11th Hour
- First hardcover edition
- Author: James Patterson and Maxine Paetro
- Language: English
- Series: Women's Murder Club
- Genre: Thriller novel
- Publisher: Little, Brown and Co.
- Publication date: May 7, 2012
- Publication place: United States
- Media type: Print (hardcover)
- Pages: 416 pp (first edition, hardcover)
- ISBN: 0316097497 (for first hardcover edition)
- Preceded by: 10th Anniversary (2011)
- Followed by: 12th of Never (2013)

= 11th Hour (novel) =

2012 crime novel by James Patterson

11th Hour is the 11th novel of the Women’s Murder Club series written by American authors James Patterson and Maxine Paetro. The main character of this series is Sgt. Lindsay Boxer. The Women's Murder Club is a small group of women who meet with Boxer to help solve sensational crimes in San Francisco. Throughout the series, the membership of the Women's Murder Club has had some changes.

==Plot==
This book has two major plots involving cases in which Boxer quickly becomes involved. Someone is gunning down San Francisco drug dealers and kills an undercover officer. One of the weapons used was taken from her own department's evidence locker, indicating the involvement of a rogue cop.
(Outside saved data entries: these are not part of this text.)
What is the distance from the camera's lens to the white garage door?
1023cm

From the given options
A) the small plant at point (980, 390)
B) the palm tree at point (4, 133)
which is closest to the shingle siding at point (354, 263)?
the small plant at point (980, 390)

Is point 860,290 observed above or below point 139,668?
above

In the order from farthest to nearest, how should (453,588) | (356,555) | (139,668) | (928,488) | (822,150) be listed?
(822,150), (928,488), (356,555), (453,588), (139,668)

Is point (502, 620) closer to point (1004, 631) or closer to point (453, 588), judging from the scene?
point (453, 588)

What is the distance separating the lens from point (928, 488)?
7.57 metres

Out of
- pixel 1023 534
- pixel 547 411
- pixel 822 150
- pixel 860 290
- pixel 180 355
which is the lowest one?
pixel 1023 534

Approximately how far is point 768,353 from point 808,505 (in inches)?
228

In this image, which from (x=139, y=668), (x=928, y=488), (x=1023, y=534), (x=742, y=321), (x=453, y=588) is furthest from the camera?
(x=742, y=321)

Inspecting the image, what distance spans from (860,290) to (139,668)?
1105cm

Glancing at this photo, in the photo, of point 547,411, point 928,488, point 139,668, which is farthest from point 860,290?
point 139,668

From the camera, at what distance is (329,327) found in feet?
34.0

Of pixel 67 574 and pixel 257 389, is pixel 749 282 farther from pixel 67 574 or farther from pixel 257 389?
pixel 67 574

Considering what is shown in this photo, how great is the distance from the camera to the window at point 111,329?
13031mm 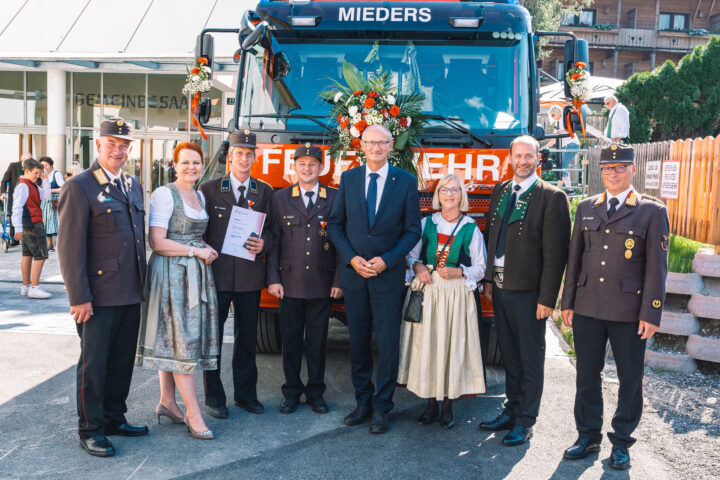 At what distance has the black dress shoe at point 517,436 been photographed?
14.1ft

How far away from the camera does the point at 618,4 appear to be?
3509 centimetres

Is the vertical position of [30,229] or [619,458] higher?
[30,229]

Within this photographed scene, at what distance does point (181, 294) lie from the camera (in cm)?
425

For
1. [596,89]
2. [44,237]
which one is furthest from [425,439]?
[596,89]

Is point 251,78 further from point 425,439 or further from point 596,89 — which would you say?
point 596,89

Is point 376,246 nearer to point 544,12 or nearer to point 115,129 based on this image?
point 115,129

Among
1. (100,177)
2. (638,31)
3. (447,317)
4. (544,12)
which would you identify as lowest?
(447,317)

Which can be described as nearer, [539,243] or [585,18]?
[539,243]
The second major plot involves Boxer, when two heads appear unexpectedly in the garden of a mansion owned by a world-famous actor. More heads are unearthed in the garden.

The first plot concerns Noelle Smith, a violinist, who is giving a gig in front of her father, Chaz Smith, who's killed in the bathroom by a lone avenger, Revenge.

He used a cop, so the circle closes down. But Chaz Smith is revealed to be a cop, too, and Revenge is finally captured by Lindsay Boxer and Rich Conklin; his real name is William Randall, and he decided to take revenge on pushers in the name of his son, who was killed by drugs, without anyone paying for his premature death.

The main plot concerns Janet Wolsley, a woman who finds severed heads in the garden of the mansion she keeps, Elssworth House. The heads are marked with numbers, and the investigation starts from there; more heads are found in the garden, and the Wolseys become suspected; but Nicole, their daughter, takes them on the trail of Connie Kerr, a former tennis player, who has gone insane but seems to know many things.

Connie Kerr reveals she has found and dug out many more heads in the garden; she intrudes on Nicole Wolsey's house to interrogate her, but Nicole tries to stab her; Janet comes out and says it was actually her.

It was finally discovered that it was both of them, in their thirst for revenge against Harry Chandler, Ellsworth's House's owner, who was Janet's lover but cheated on her with many lovers, who became the victims of their furious anger.

==Reviews==
At least two professional reviews were written about this book. Joe Hartlaub wrote on the Book Reporter website, "The 11th Hour... may be the best Women's Murder Club novel to date."